I think a large house is great, but when a huge house lacks enough furniture to fill the space, it doesn’t feel like a home. You may have seen the kitchen-dining room-living room combination with no definition and a large empty space in the middle. Then there are some kitchen islands that could be called a continent, not an island.
Maintain the Kitchen Triangle
The kitchen triangle, or the relative placement of the fridge, stove and sink, is very important to maintain. If you have ever been in a kitchen that seems awkward, it’s usually because the “triangle” is out of whack and that can be caused by a kitchen that is too spread out.
Removing walls is a trendy thing to do. I sometimes wonder if we will be putting these walls back twenty years from now when the trend reverses. Most of the time, it makes good sense. Many homes built 50 or more years ago, had very small rooms with too much division between them. Homes built in the last 30 years started the trend to larger rooms and removing walls in these houses often goes too far. Instead I have recommended customers open up a portion of a wall, not the entire wall.
Removing walls often eliminates valuable cabinet space. This space has to be recovered somewhere else, usually by adding an island. An island can provide some of the needed division between the kitchen and the dining room as well as a popular hang-out area for guests without getting in the way of the cook. Proportion and positioning is key here. Too big or too small and it will become annoying real fast.
Decide What You Need
Regardless of the era your home was built in, or the square footage, the kitchen may have been well designed or poorly designed for your needs. Efficient cooks need the right amount of room. They need the stove, fridge and sink to be the right distance apart and adequate counter space, but not acres of it. Large kitchens become storage lockers for tons of items you never use and counters get piled up with knick-knacks and garbage.

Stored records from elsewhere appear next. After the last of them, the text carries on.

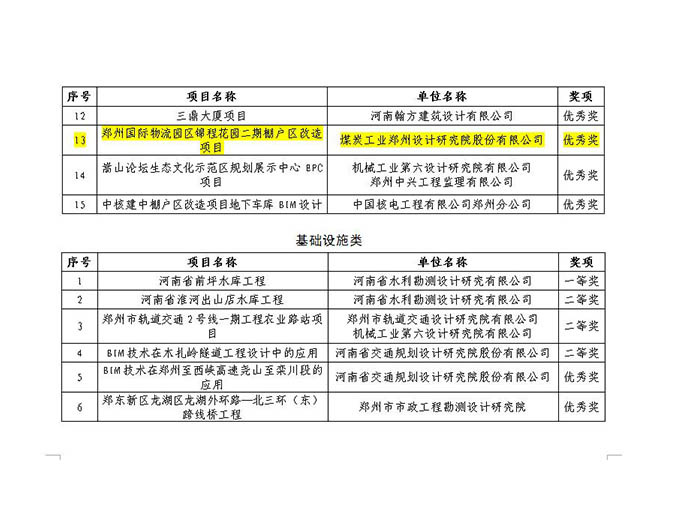 中赟国际工程有限公司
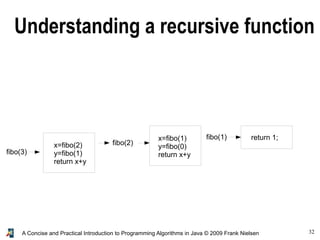 32A Concise and Practical Introduction to Programming Algorithms in Java © 2009 Frank Nielsen
x=fibo(2)
y=fibo(1)
return x+y
x=fibo(1)
y=fibo(0)
return x+y
return 1;
fibo(3)
fibo(2)
fibo(1)
Understanding a recursive function
 
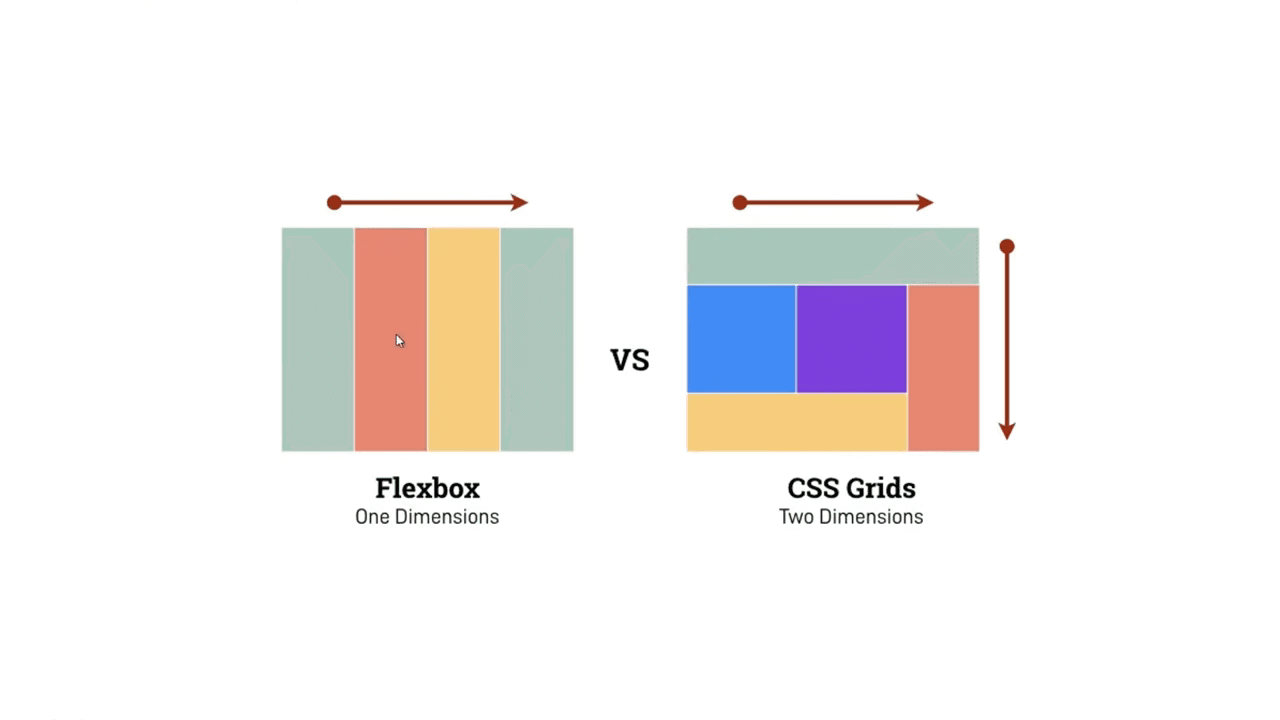 Grid intro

As mentioned, one of the reasons for the trend in large kitchens is that the costs have come down. Renovating your kitchen will often cost less than you think. Updating a well built and well laid out kitchen with just new counter tops or new doors saves money, and a lot of inconvenience. Above all else, you need to spend some time looking at show homes, reading magazines and watching renovation shows. From here, you can start a “needs list”. Once you consult with your contractor to see what is possible for your space, you can then refine your ideas from there.